Real Asset Investing

Real estate for colorectal surgeons

Colorectal compensation supports aggressive real estate strategies. Here’s the framework. Your income as a colorectal surgeon places you in a unique financial bracket, one where standard advice—max out your 401(k), pay down your mortgage—is necessary but entirely insufficient. The tax code is not written for high W-2 or K-1 earners in service businesses. Without a proactive strategy, you can easily see 40-50% of your peak earning years diverted to federal and state taxes. The good news is that the same code offers sophisticated, legal, and powerful incentives for business owners and real estate investors. The key is to structure your career and investments to access them. This framework moves beyond basic financial literacy into the operational strategies used by surgeons to build durable, tax-efficient wealth. For a broader look at the clinical and operational side of the specialty, you can find more in the complete colorectal surgery resources hub.

The 199A QBI Deduction: The Big Tax Break You Can’t Use

Let’s start with the bad news, because it frames why the other strategies are so critical. When the Tax Cuts and Jobs Act of 2017 was passed, the Section 199A Qualified Business Income (QBI) deduction was a major headline. It offered a 20% deduction on pass-through income for many business owners. Naturally, physicians in private practice hoped to benefit.

Unfortunately, the law explicitly penalizes what it calls a “Specified Service Trade or Business” (SSTB). This category includes the fields of health, law, accounting, and consulting—essentially, any business where the principal asset is the reputation or skill of its employees. As a surgeon, your practice is unequivocally an SSTB.

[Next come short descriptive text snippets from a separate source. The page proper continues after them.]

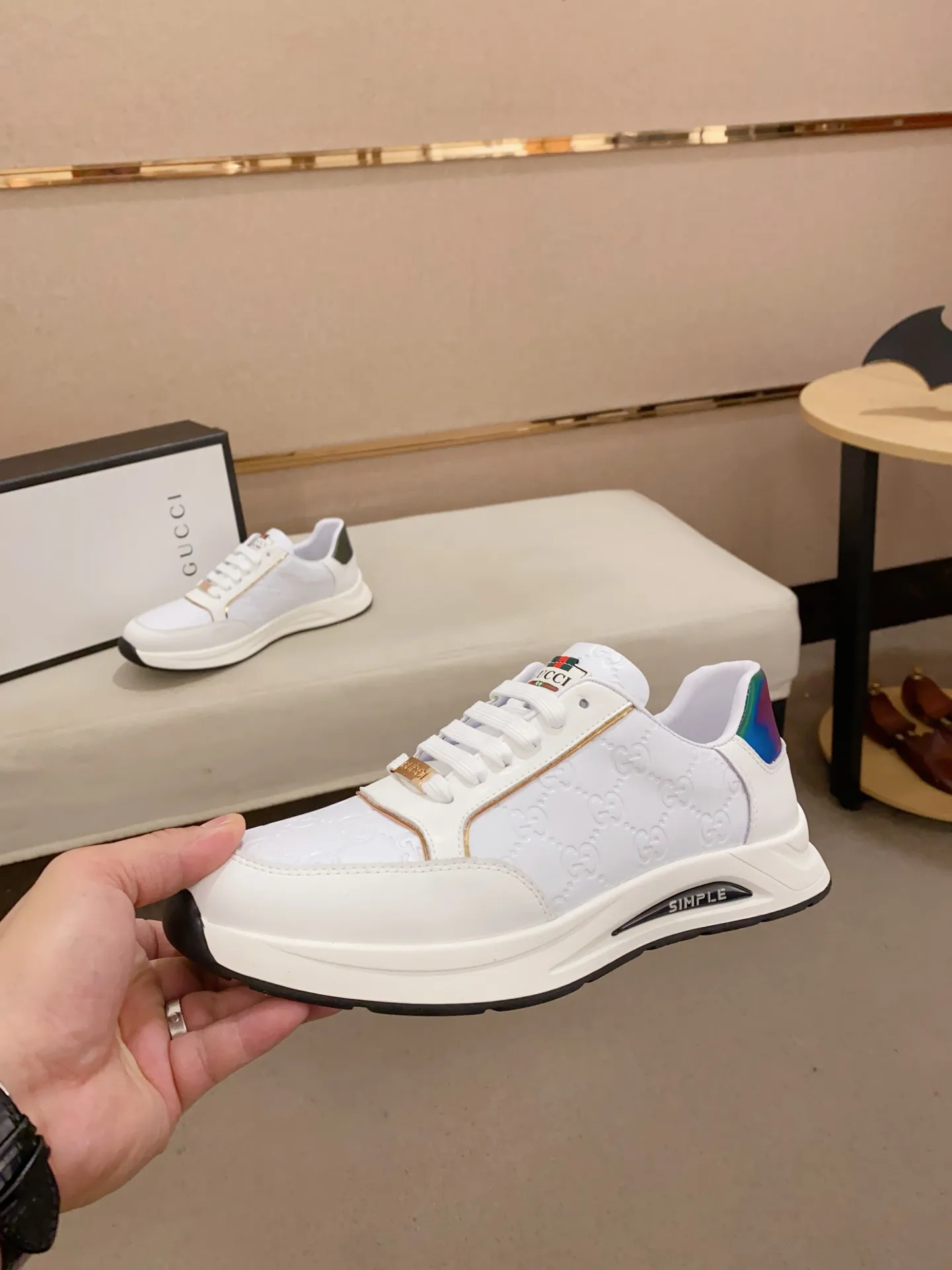 Men's shoes💰 420💰The new GUCCI (Gucci) counters are launched simultaneously. The new men's shoes, 😘fabrics are selected from imported cowhide, and the lining is sheepskin lining. 👍🏿 High-end ☄️ air-cushion molded anti-slip rubber outsole, exquisite lines, simple and elegant, comfortable and high-end for leisure travel. Code number: 38 to 44 (45 can be customized and cannot be returned or exchanged)
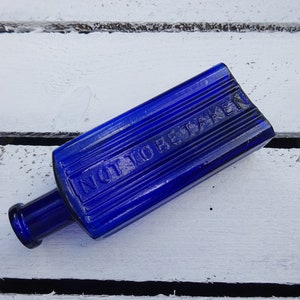 Antike kobaltblaue Glasgiftflasche, rechteckige 3-Unzen-Not To Be Taken-Flasche. 3 oz Apothekerflasche aus der Viktorianischen oder Edwardianischen Epoche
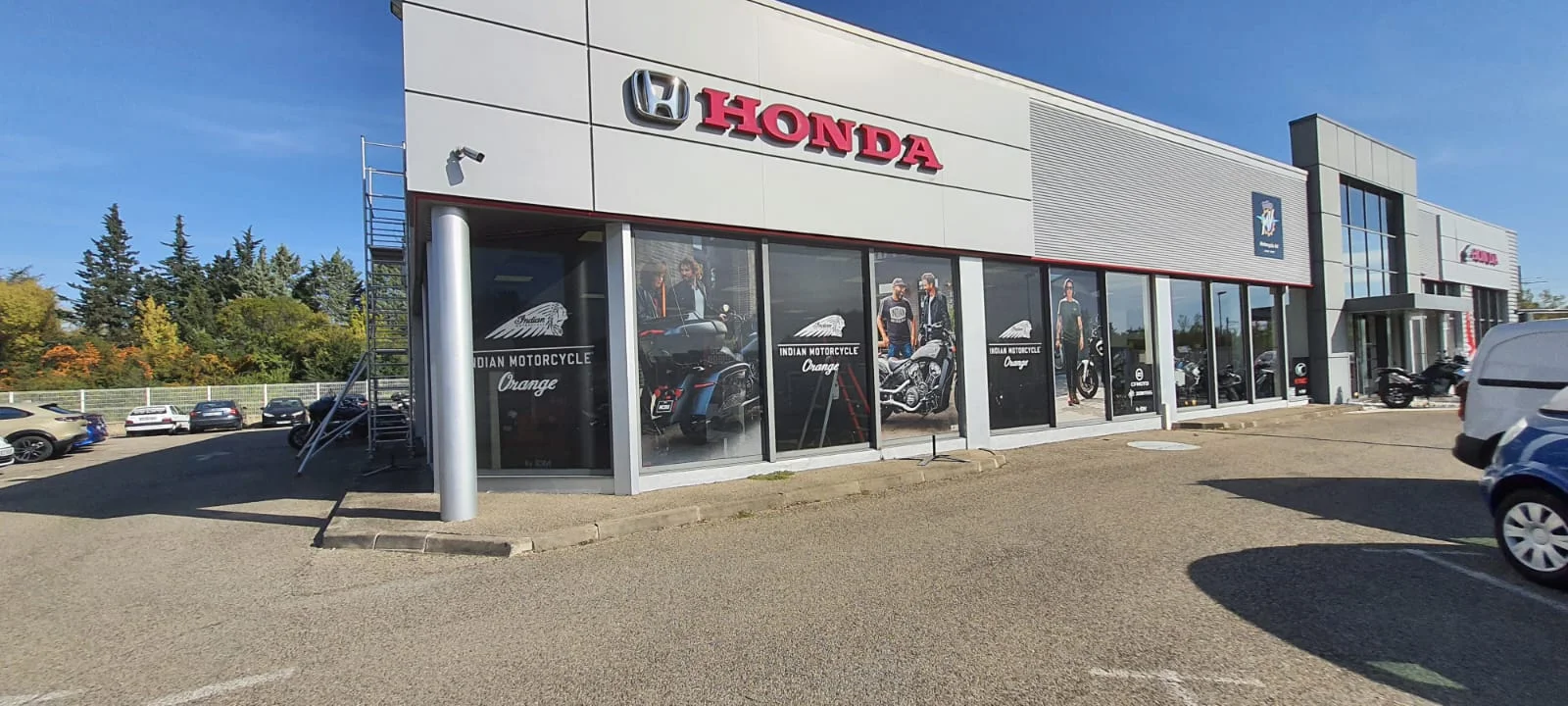 Enseigne lumineuse eclairee honda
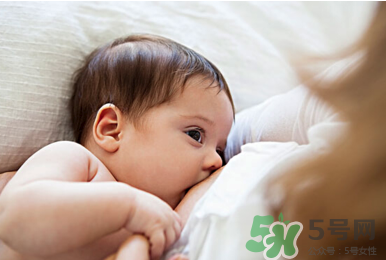 新生兒吃母乳會(huì)撐到嗎？新生兒吃母乳會(huì)吃撐嗎？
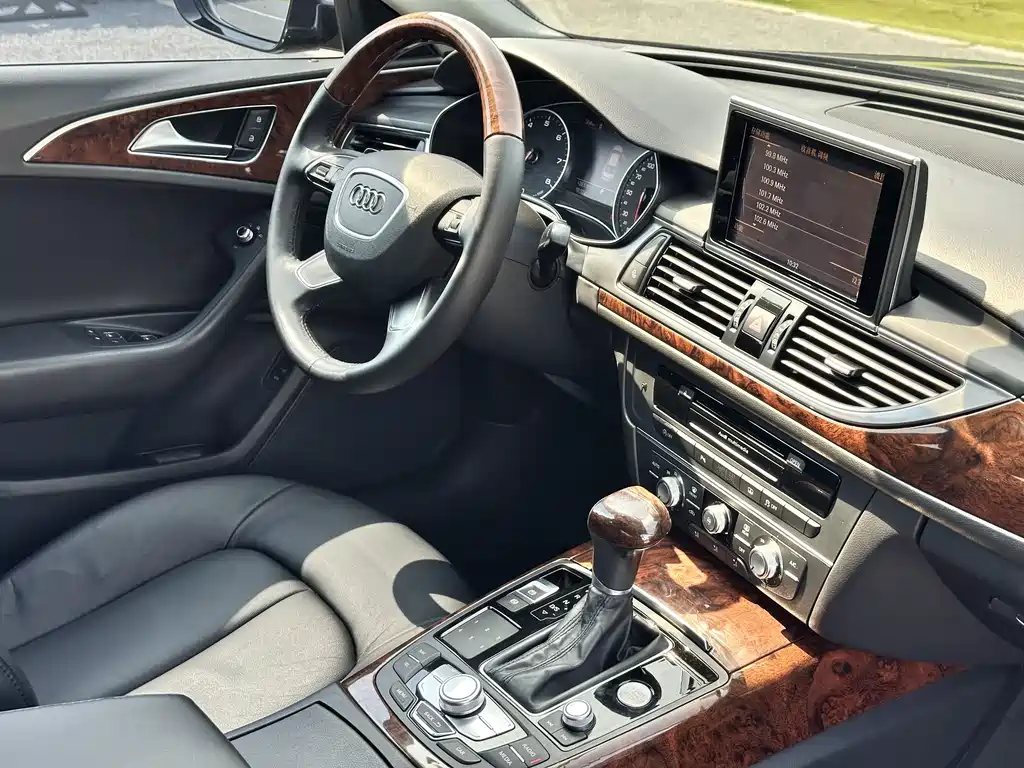 Audi A6L 2014 — фото 17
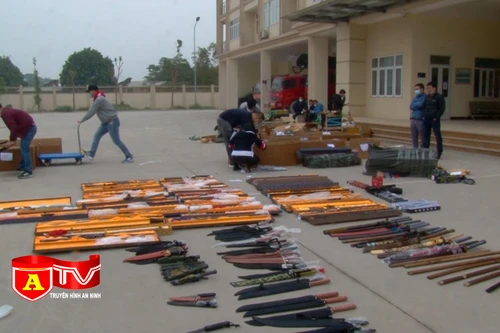 Thủ đoạn “tuồn” vũ khí, công cụ hỗ trợ từ biên giới vào nội địa tiêu thụ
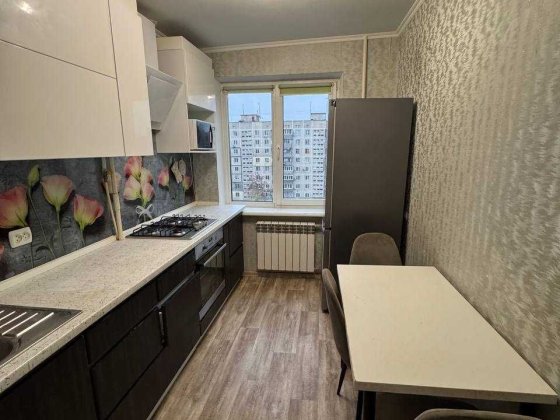 Продам 3к. квартиру на пров. Крушельницької, буд. 4 Днепр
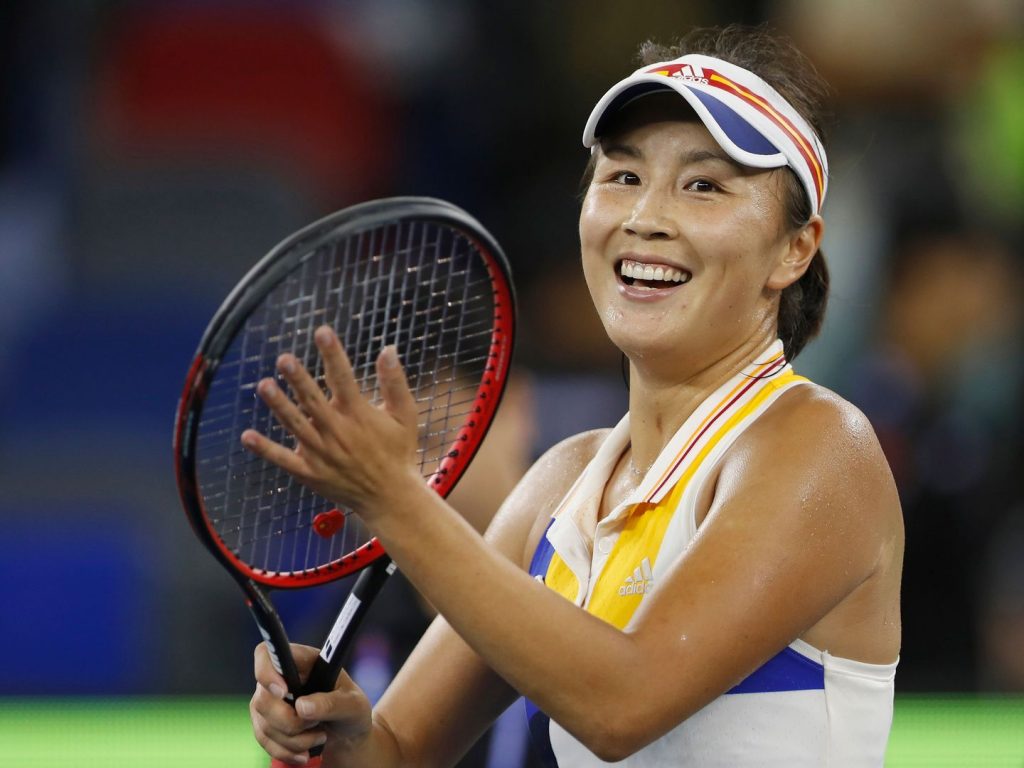 Shuai Peng ritratta tutto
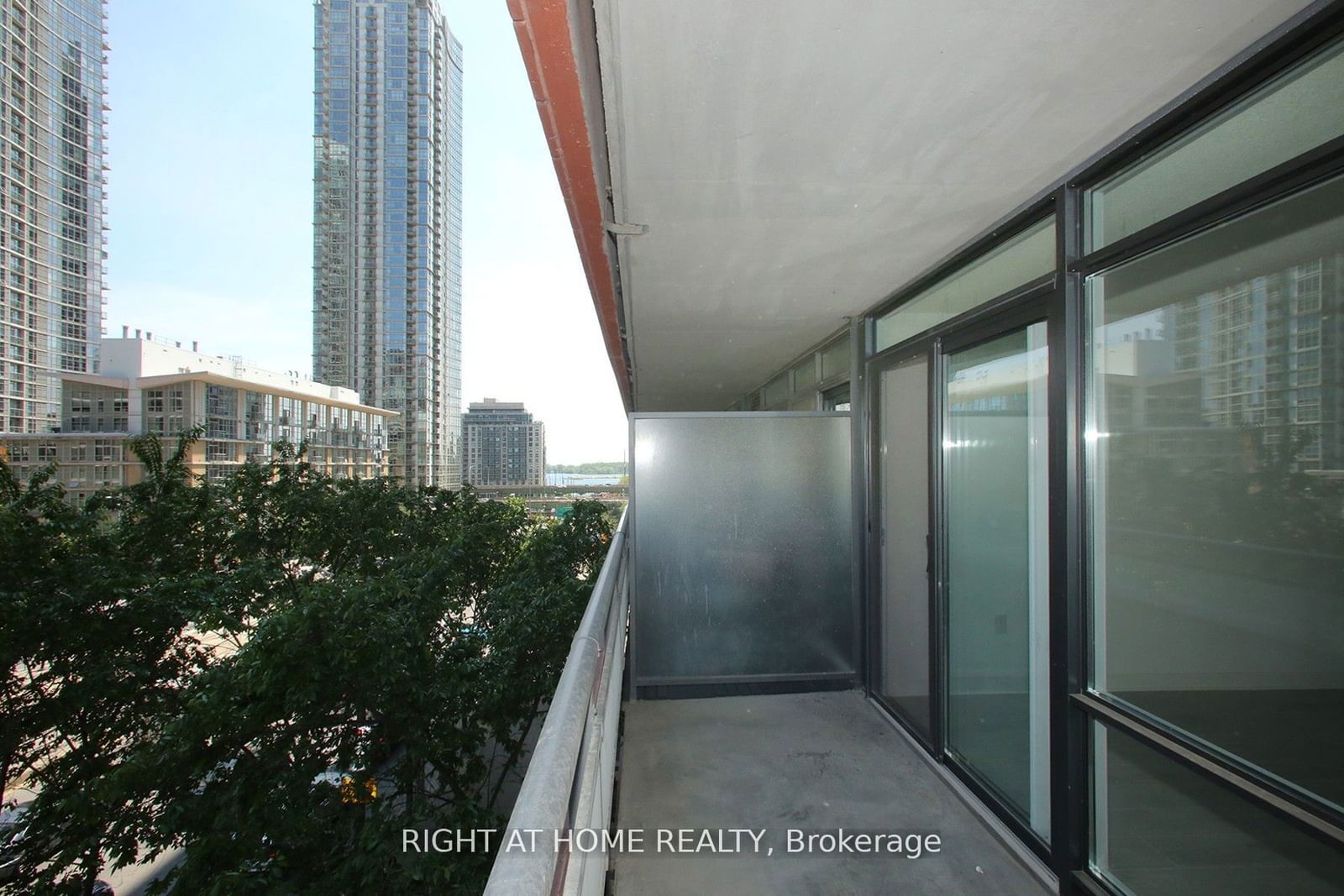 4K Spadina Ave, unit 309 for sale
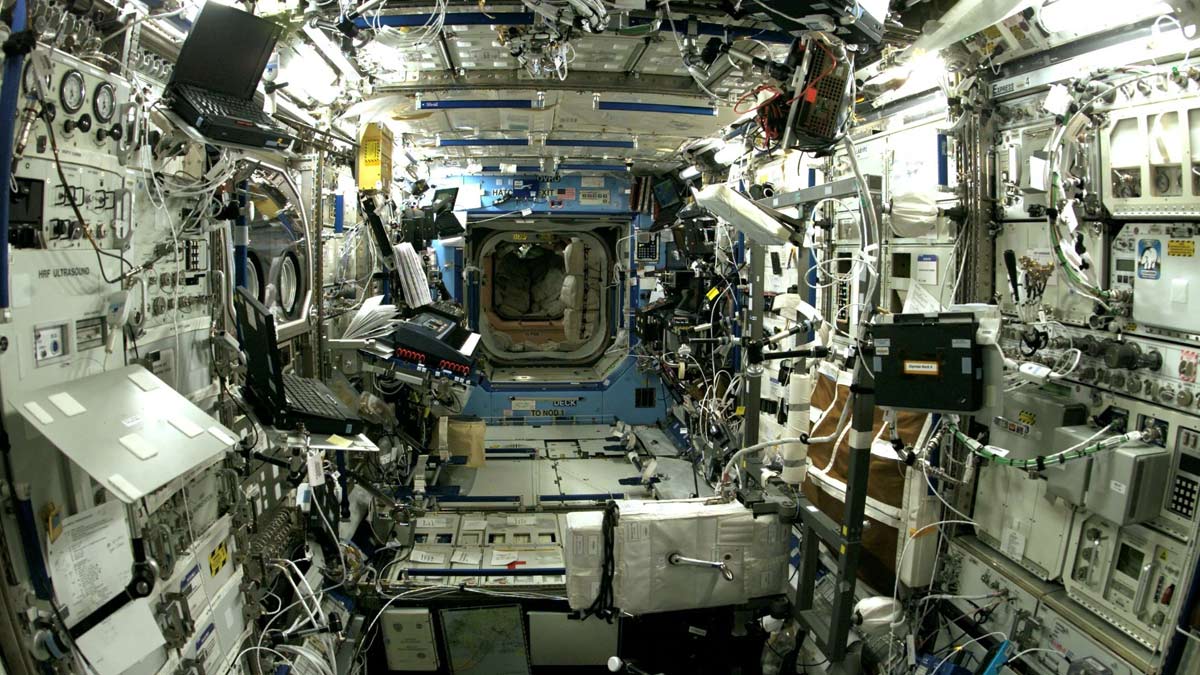 How astronauts live in space
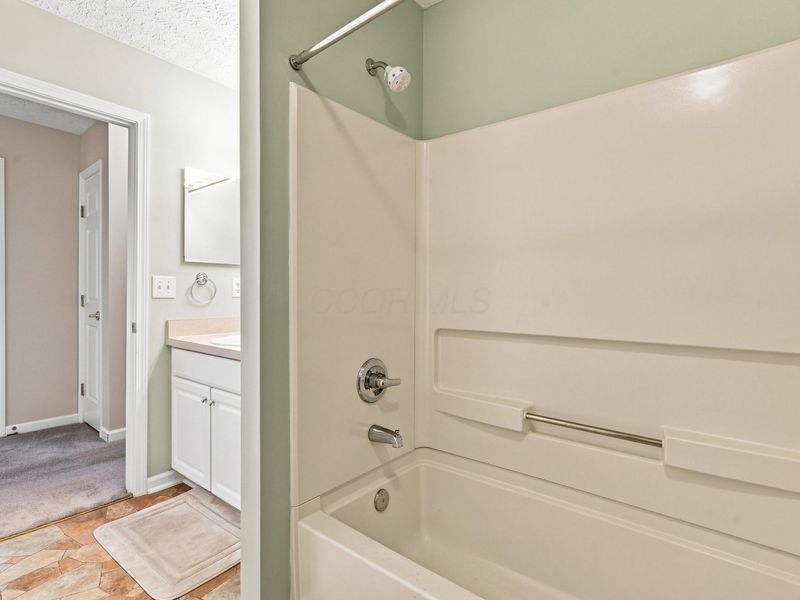 6675 Eagle Ridge Lane, Canal Winchester, OH 43110 Photo 24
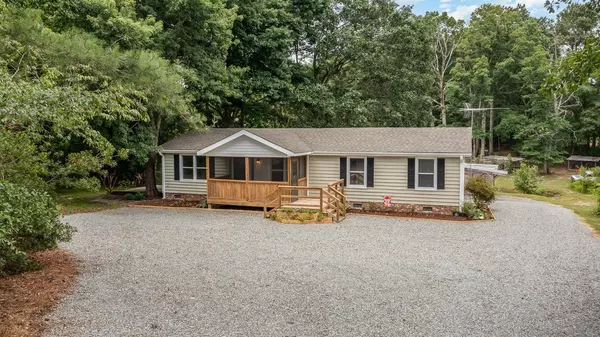 91 Lakeview Drive, Fuquay Varina, WV 26526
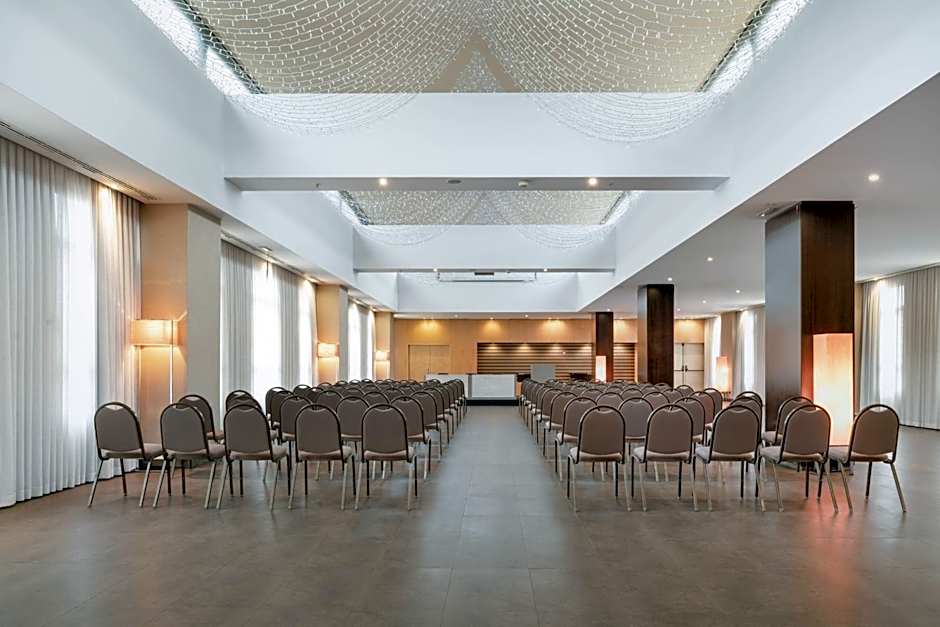 AC Hotel Oviedo Forum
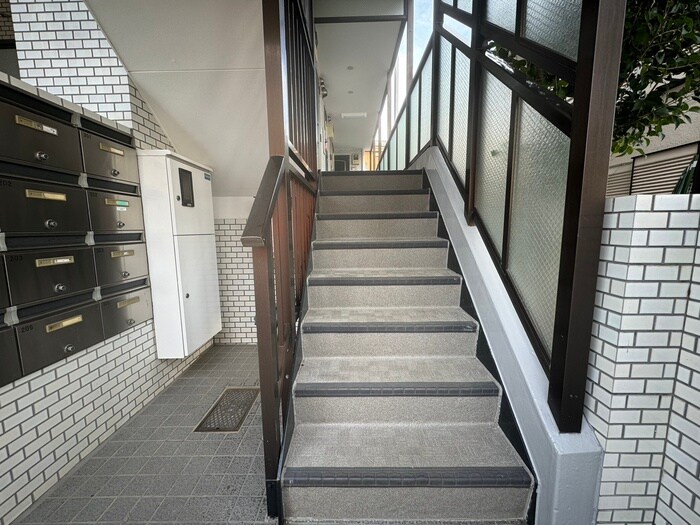 ファーストクラス鶴ケ峰(303)の物件外観写真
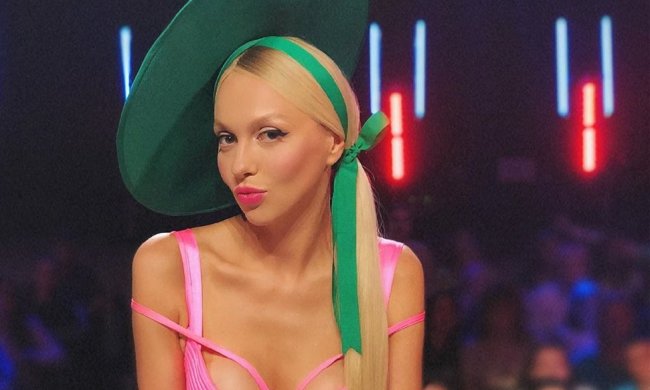 Памела Андерсон не попадает: Оля Полякова сверкнула ультравырезом в очень интимном месте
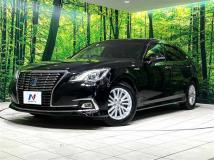 2016 Toyota Crown Hybrid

This designation means the 20% QBI deduction is phased out once your taxable income exceeds certain thresholds. For 2026, those thresholds are projected to be around $383,900 for married couples filing jointly and $191,950 for single filers. A successful colorectal surgeon, whether a partner or a highly compensated employee, will almost certainly have income far above this phase-out range. The result: you get a 0% QBI deduction on your surgical practice income.

The Planning Trap: The most common mistake is building a financial plan that assumes the QBI deduction is available. New partners, in particular, sometimes see the pass-through K-1 income and mistakenly believe the 20% deduction will apply. It won’t. This realization can lead to a surprise six-figure tax bill. The critical takeaway is not to despair, but to recognize that you must look elsewhere for tax efficiency. Since the tax code won’t give you a break on your primary surgical income, you must generate income (or losses) from other sources that are treated more favorably—namely, real estate and retirement plans.

Owning Your ASC: Structuring K-1 Distributions for Tax Efficiency

For many surgical groups, the path to partnership involves an opportunity to buy into an Ambulatory Surgery Center (ASC). This is not just an investment; it’s a fundamental shift in your financial DNA. You are now a part-owner of a separate business, and your earnings will come in two forms: your salary/draw from the surgical practice (often on a W-2 or guaranteed payment) and your share of the ASC’s profits (on a Schedule K-1).

This K-1 income is where the planning begins. Unlike W-2 wages, K-1 income isn’t subject to FICA taxes (Social Security and Medicare), which immediately saves you a significant percentage. However, the real power lies in how you structure your participation and how losses are treated.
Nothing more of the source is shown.